**EXERCISE MATERIALS:**
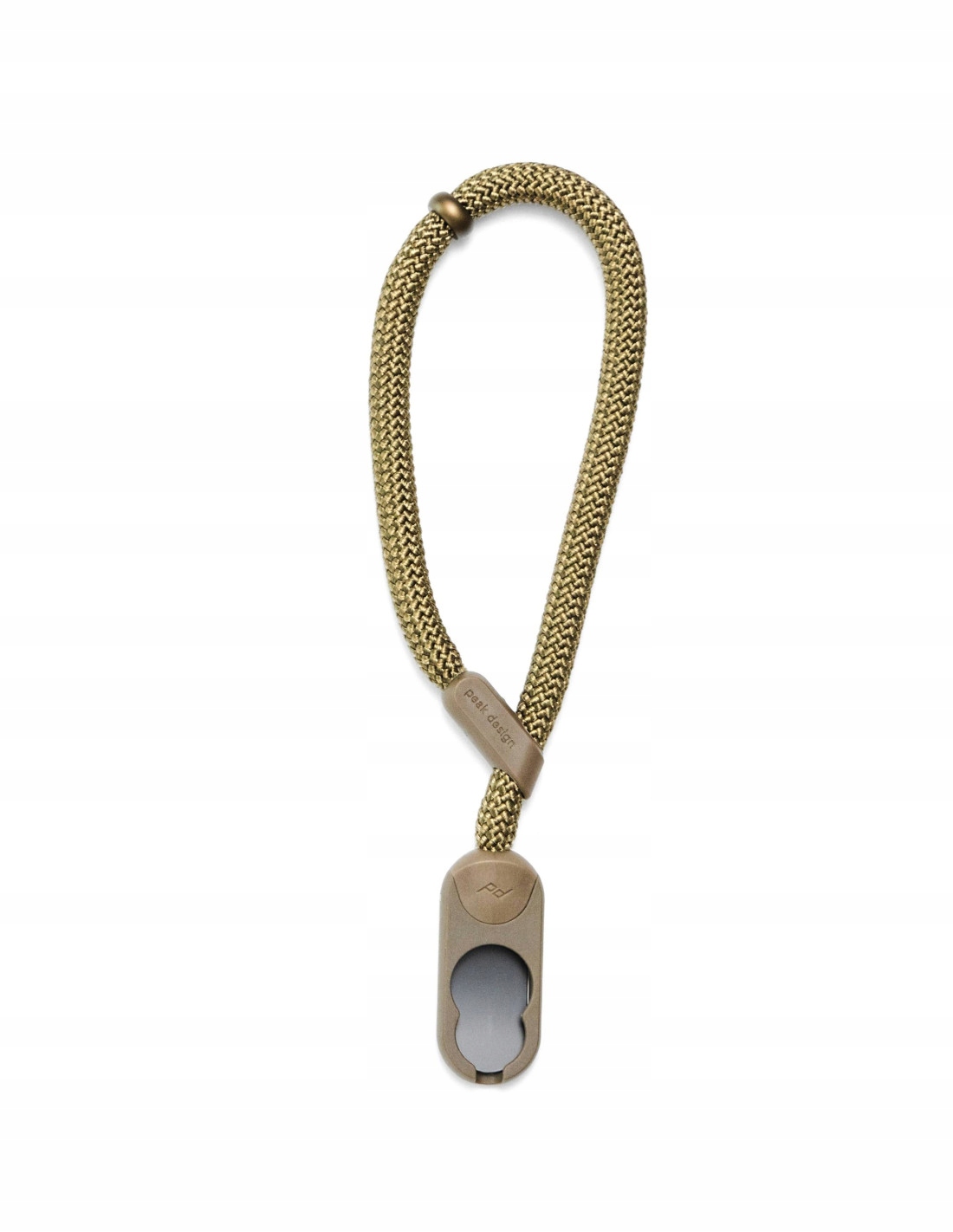 Pásek na zápěstí Peak Design Cuff Rope Kelp olivová linka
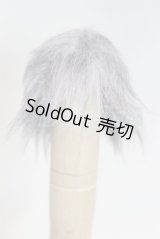 4.5inch/ウィッグ/インチ　BJD　MJD　ドール用 A-26-03-04-086-NY-ZA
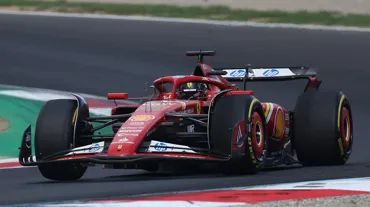 İtalya'da zafer ev sahibinin: Leclerc'den sezonun ikinci galibiyeti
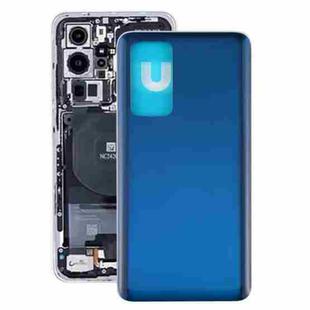 Battery Back Cover for Huawei P40(Blue)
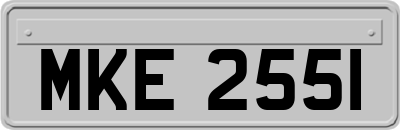 MKE2551
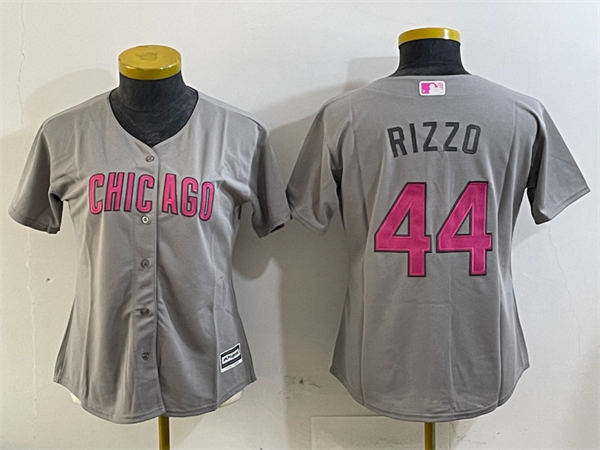 MLB Women Jerseys(2)-0396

**ASSIGNED TASK:**
Return exactly the line containing "İtalya'da zafer ev" and every line after it, up to and including the final line of the entries above. Pictures stay out.

**ANSWER SECTION:**
 İtalya'da zafer ev sahibinin: Leclerc'den sezonun ikinci galibiyeti
 Battery Back Cover for Huawei P40(Blue)
 MKE2551
 MLB Women Jerseys(2)-0396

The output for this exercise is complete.